§ **Directions for this task**
Exclude all pictures. Then restate, word for word, the entries from the first line through the line that contains "10 pcs x JIANFU".

================================

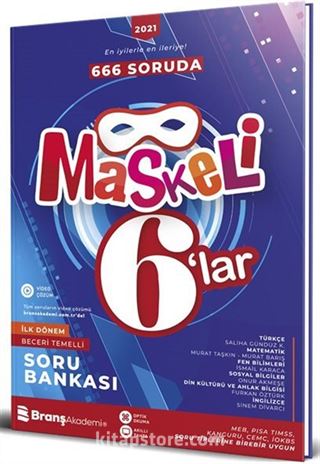 Maskeli 6'lar İlk Dönem Beceri Temelli Soru Bankası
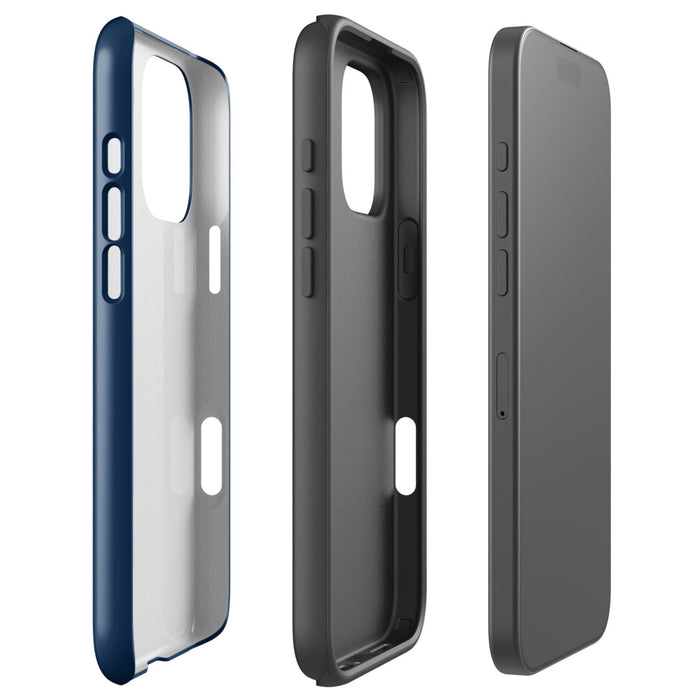 Back view of the Fandango Cinefreak iPhone case highlighting the durable dual-layer finish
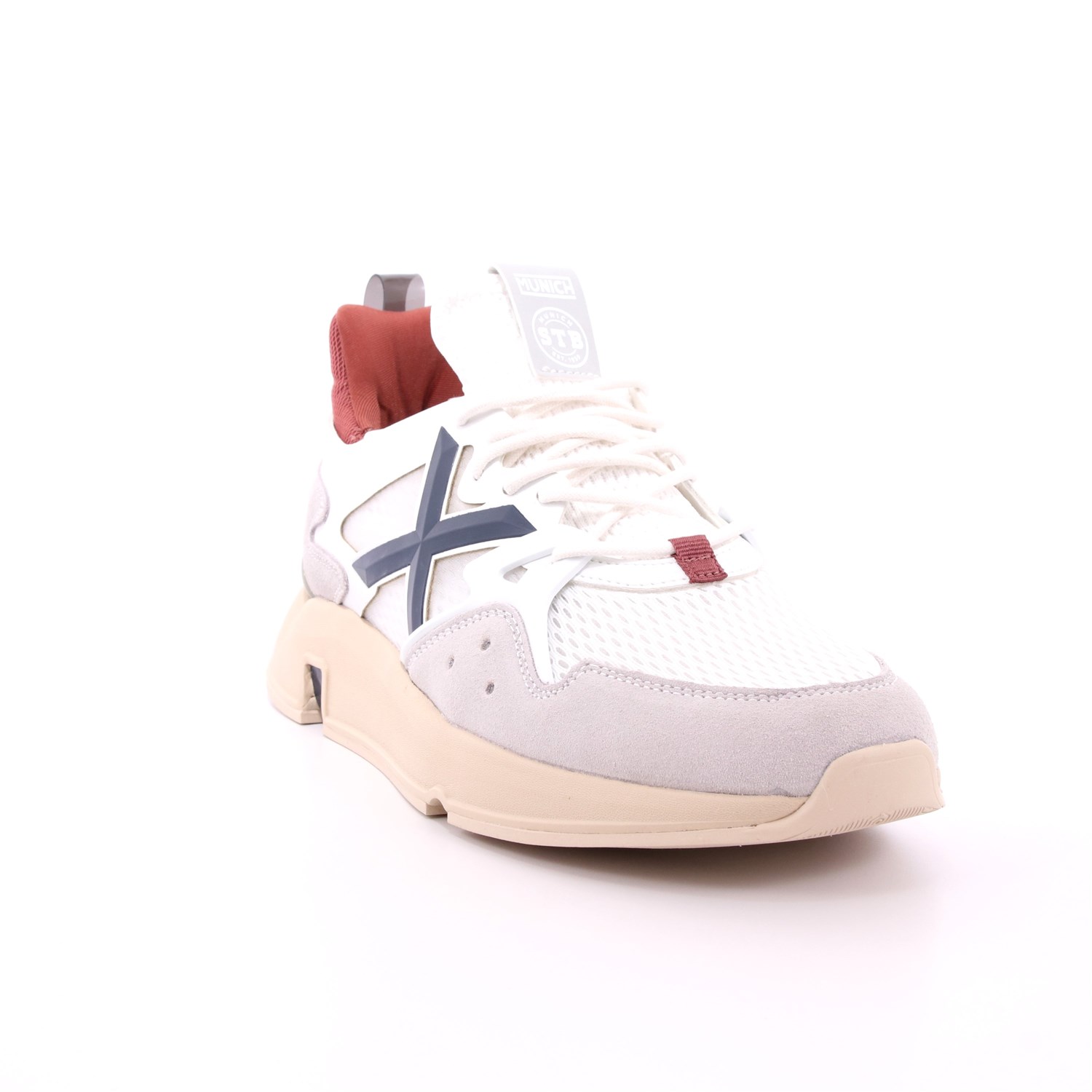 Scarpa Allacciata Munich Uomo Bianco Scarpa Allacciata Munich Uomo Bianco Scarpe 88 - 4172010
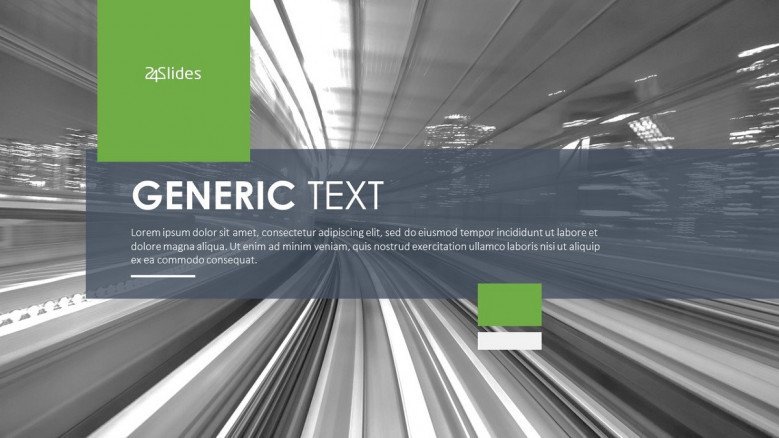 generic text welcome slide in corporate style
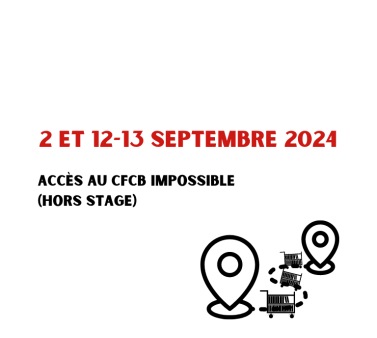 Fermeture BU 2 et 12-13 septembre 2024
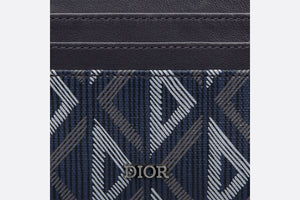 Card Holder • Navy Blue CD Diamond Canvas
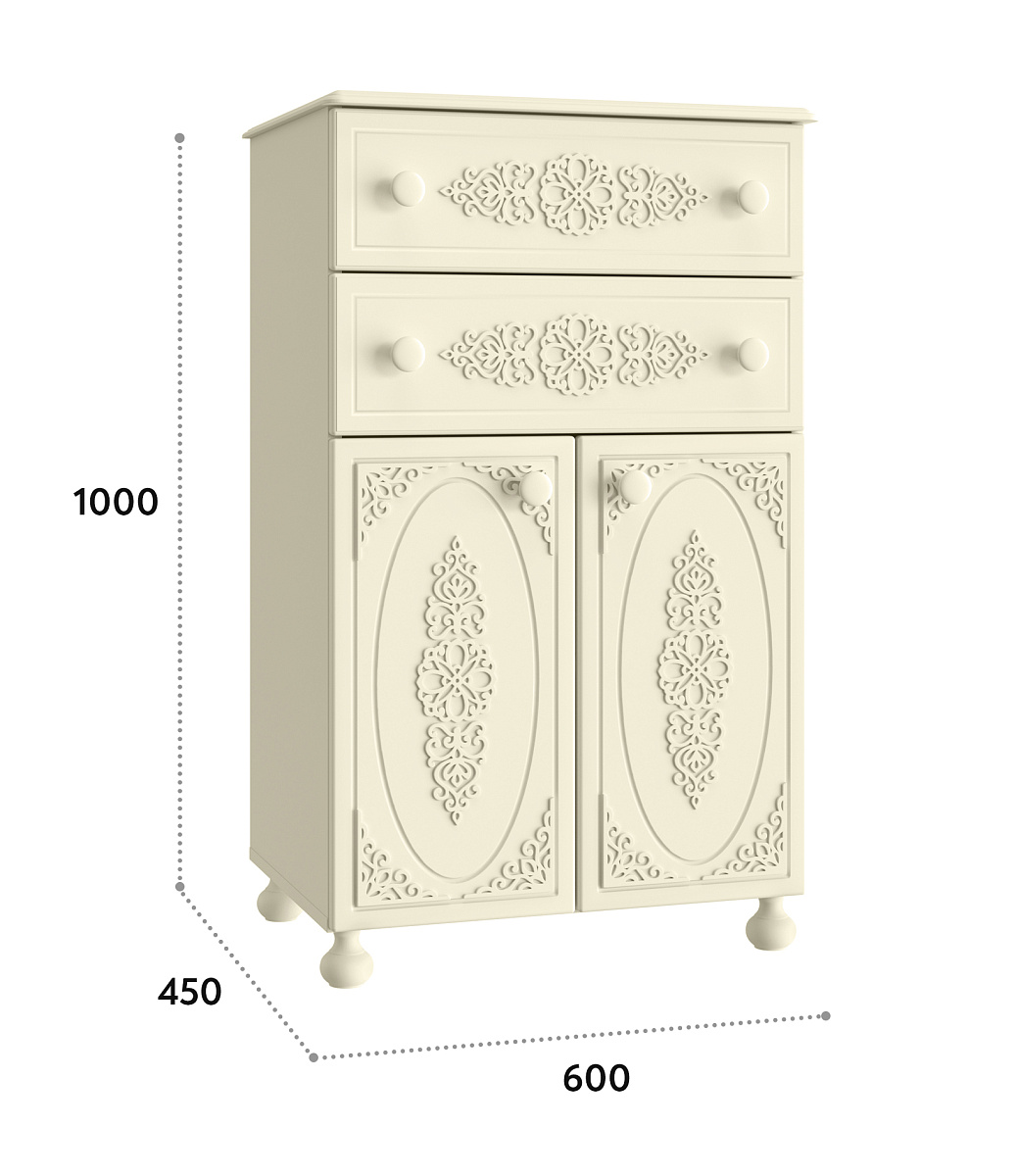 Комод Ассоль плюс АС-63 ваниль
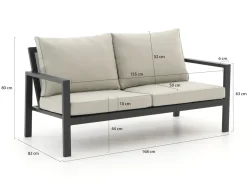 Manifesto Alzano Gartensofa 168 cm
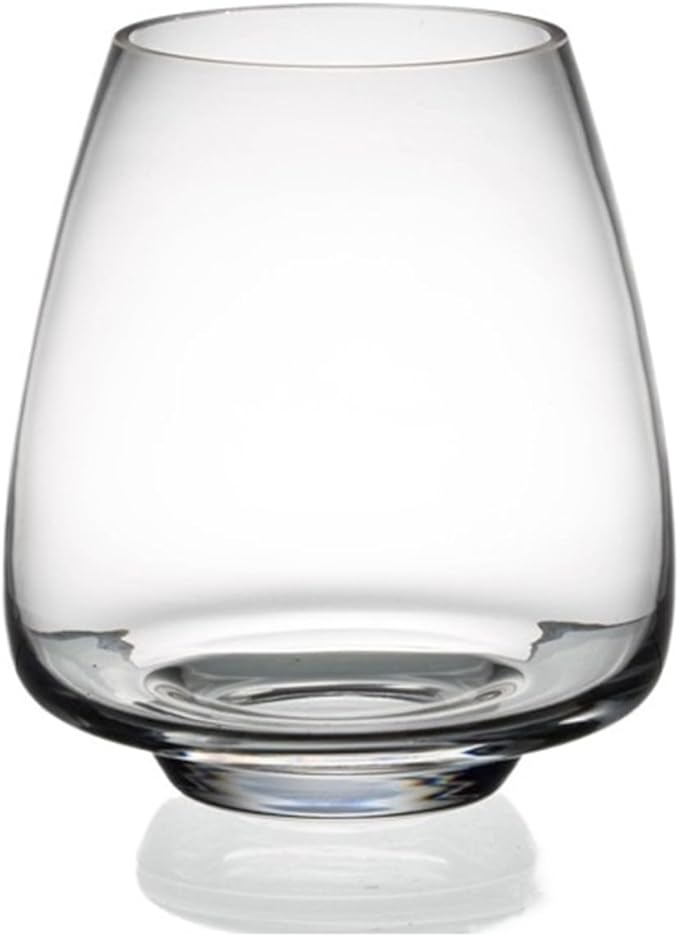 Decor Creative Transparent Glass Fish Tank Aquarium Desktop Living Room Small Goldfish Aquarium Office Hydroponics Plant Planter Starter(Small)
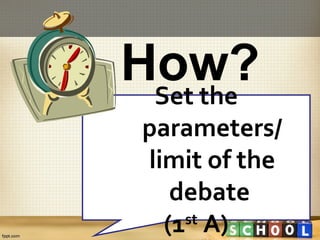 Debate Setting Fact Debate | PPT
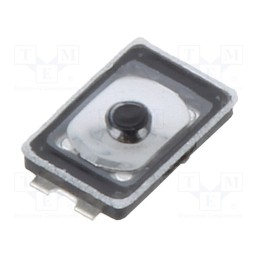 10 pcs x JIANFU - TVAU19HBB - Microswitch TACT, Pos: 2, 0.02A/12VDC, SMT, none, 3x2.1mm, 0.65mm
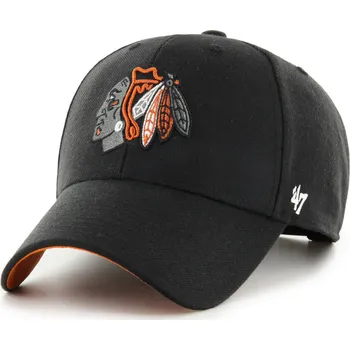 Kšiltovka Pánská kšiltovka 47 Brand NHL Chiacgo Blackhawks Ballpark Snap '47 MVP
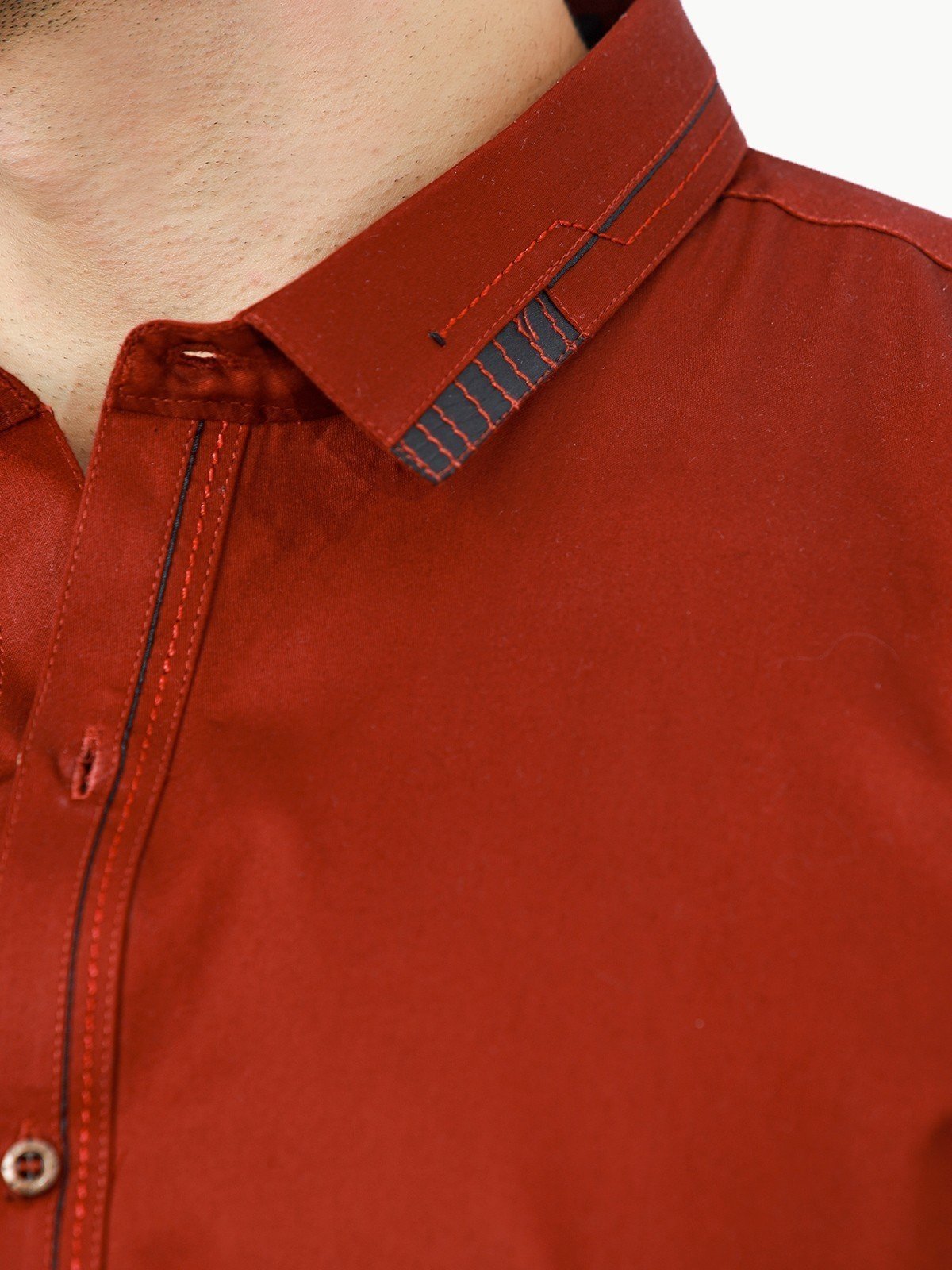 Edenrobe - Men's Maroon Swish Collection - EMTSW22S-99251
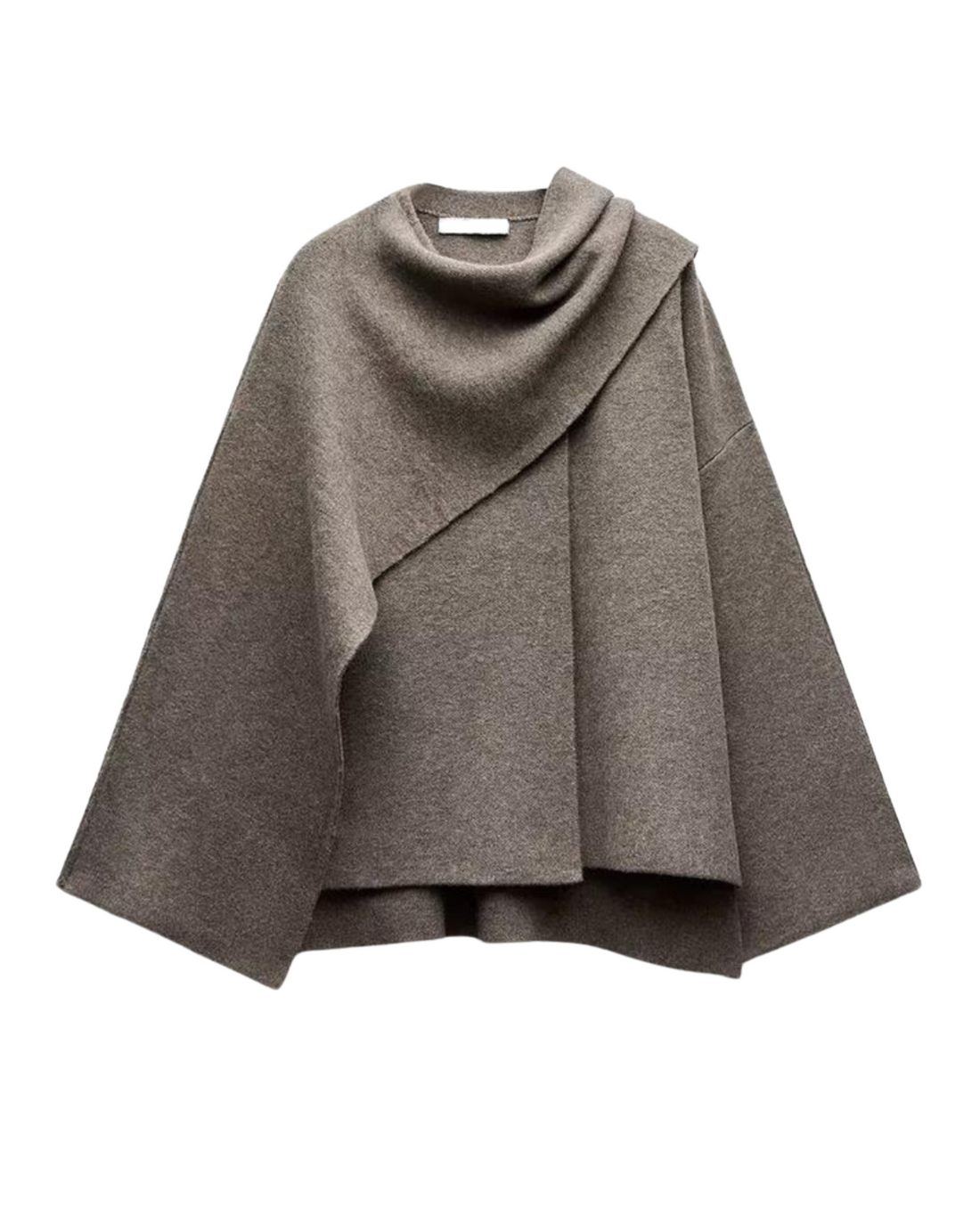 Soft Wool Warm Asymmetric Poncho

================================

§ **Reply**
 Maskeli 6'lar İlk Dönem Beceri Temelli Soru Bankası
 Back view of the Fandango Cinefreak iPhone case highlighting the durable dual-layer finish
 Scarpa Allacciata Munich Uomo Bianco Scarpa Allacciata Munich Uomo Bianco Scarpe 88 - 4172010
 generic text welcome slide in corporate style
 Fermeture BU 2 et 12-13 septembre 2024
 Card Holder • Navy Blue CD Diamond Canvas
 Комод Ассоль плюс АС-63 ваниль
 Manifesto Alzano Gartensofa 168 cm
 Decor Creative Transparent Glass Fish Tank Aquarium Desktop Living Room Small Goldfish Aquarium Office Hydroponics Plant Planter Starter(Small)
 Debate Setting Fact Debate | PPT
 10 pcs x JIANFU - TVAU19HBB - Microswitch TACT, Pos: 2, 0.02A/12VDC, SMT, none, 3x2.1mm, 0.65mm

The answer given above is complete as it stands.